It is also sometimes known as ‘melasma’ or the ‘mask of pregnancy’. Chloasma is thought to be due to stimulation of pigment-producing cells by female sex hormones so that they produce more melanin pigments (dark coloured pigments) when the skin is exposed to sun.
Why is my neck and armpits dark during pregnancy?
When a woman becomes pregnant, her body experiences many endocrinological and hormonal changes. These changes often result in an increase in melanin, causing certain areas of her skin to become darker. When this darkness occurs on surface areas like your face or arms, it’s called melasma.
What causes your skin to darken?
If your body makes too much melanin, your skin gets darker.
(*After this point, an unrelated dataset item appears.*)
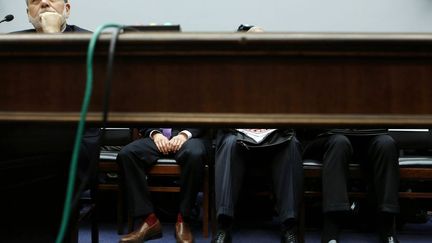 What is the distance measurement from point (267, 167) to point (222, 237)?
442 mm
Pregnancy, Addison’s disease, and sun exposure all can make your skin darker. If your body makes too little melanin, your skin gets lighter.
How can I improve my baby skin color during pregnancy?
Avocado is a fruit that is known to be rich in vitamin C and vitamin E. Both these vitamins are known for their antioxidant properties. Vitamin C also helps in reducing inflammation and is essential for collagen production in the body. The production of collagen in turn improves your baby’s skin tone.
How do you get rid of dark skin after pregnancy?
Papaya helps in lightening dark spots and is very effective in treating skin pigmentation. Using a face pack which consists of papaya helps in reducing pigmentation. Take 1 tbsp honey, 2 tbsp papaya, and 1 tbsp aloe vera pulp and mix to make a pack. Apply it on affected areas and wash it off after 30 minutes.
Does your face change after having a baby?
Yvonne Butler Tobah, obstetrician and gynecologist at Mayo Clinic in Rochester, Minn., said a year postpartum usually resets body back to normal, but there are a few changes that can be permanent: Skin: A woman’s face, areolas, stomach and moles often darken during pregnancy, and might stay that way.
How can you tell what skin color your baby will be?
Looking for a sign of how pigmented she’ll eventually be? Some parents swear that the ears will clue you in — check out the tops of your baby’s tiny ears, and you’ll notice that they‘re darker than the rest of your newborn’s skin. There’s a good chance her skin will wind up being close to that color.